A woman I met once and have never seen or sought out again asked me, What if there’s a “third thing?”
Much of what I hear is about how we break things into black
and white, but that life is not that way. There is an indoctrination, as above
italicized, that makes us learn and perceive that life is and must be black and
white as a way of survival. And in adulthood, that must be unlearned.
What folks have suggested as remedy to this, however, is
“life is gray,” shades of grey (no allusion intended). That it’s somewhere in
the middle.
Years ago, I decided that “grey” didn’t work for me in this
metaphor, too bland; that instead, “not black and white” could be interpreted as “in
color.” Life isn’t “black and white;” it’s in color.
But, this woman told me something else entirely. That it’s
something I haven’t even conceived of before.
We were not talking about life. We were talking about sex.
I was telling her how I’ve vacillated in my life between the
icons I have named Betty Crocker and The Vixen. How I swing the pendulum of
myself from one to the other; bored by the first, burned by the second.
I was emailing with a friend yesterday about how some of situations I find myself in at the moment are reminiscent of something that happened in my early twenties,
a situation I got myself in as a result of swinging from Betty Crocker to the
Vixen, to disastrous results. She pointed out a few places where things are different now, that I’m
sober, older, and it was just plain different.
But there is a rubber band that pulls this circumstance
back to then, a sense memory that lashes out, OH! UH-UH we’ve done this, lady!

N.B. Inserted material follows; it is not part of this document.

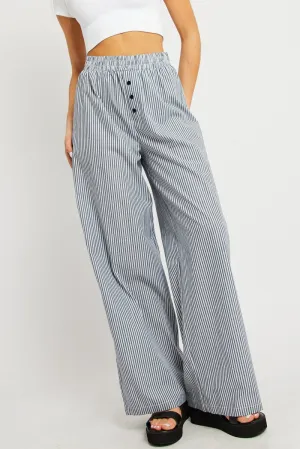 Black Stripe Wide Leg Pants Elasticated Waist Essential Wear FlexibleKnees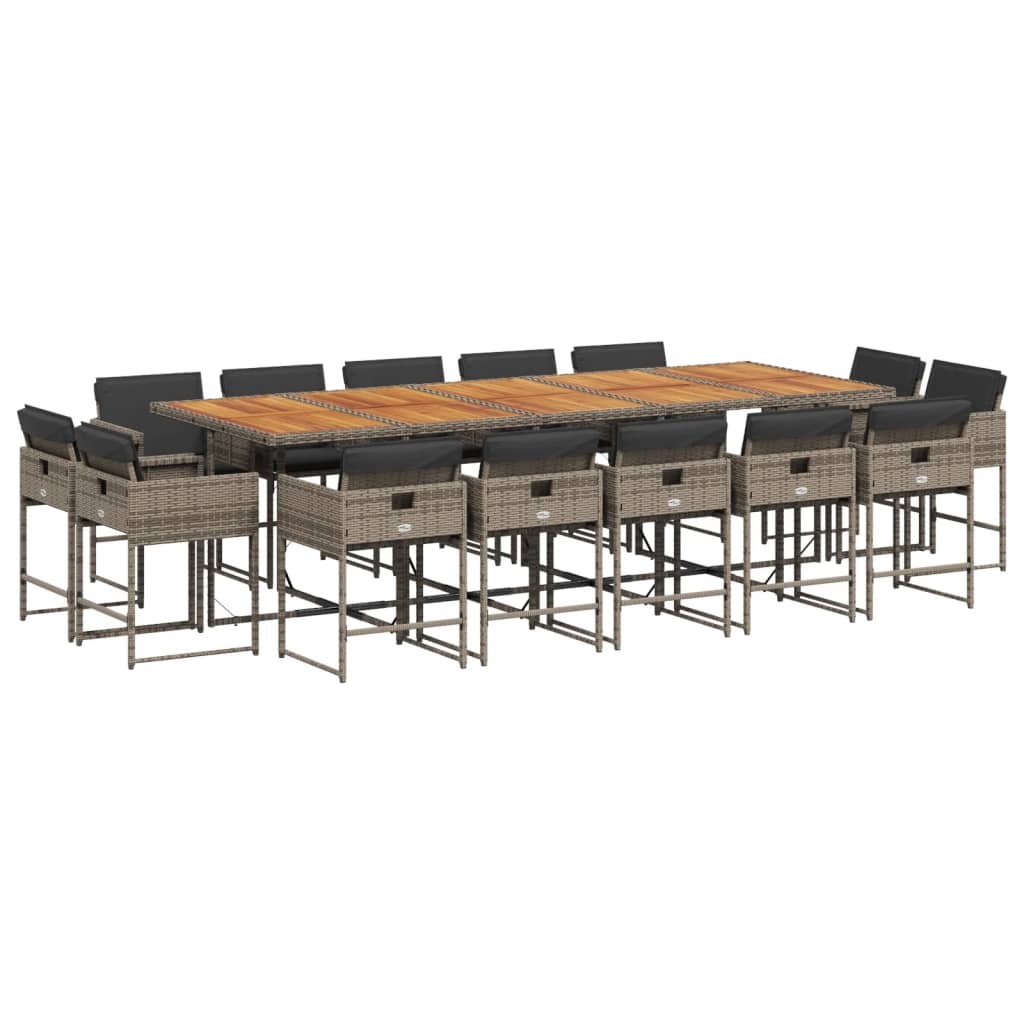 15 Piece Garden Dining Set with Cushions Grey Poly Rattan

Remember!! Remember the outcome, the consequences, the disaster! Warning,
warning!
She tells me it’s not the same. I remind myself of the year;
I look around myself at who and where I am. And it’s very freaking hard to
separate the past from the present.
Which brings us back to the trust I’ve been working on. To
trust that I am different, that I am safe, that I can allow myself to
experience life in a different way today. That I am able to be the third thing.
It only occurred to me today that perhaps the person I’m
becoming as I sort all this out is the
third thing, neither the puritanical Betty Crocker (who avoids all human
contact in search of the unicorn idea of a risk-less relationship), nor The
Vixen (who overrides all hesitance toward prurient wantonness).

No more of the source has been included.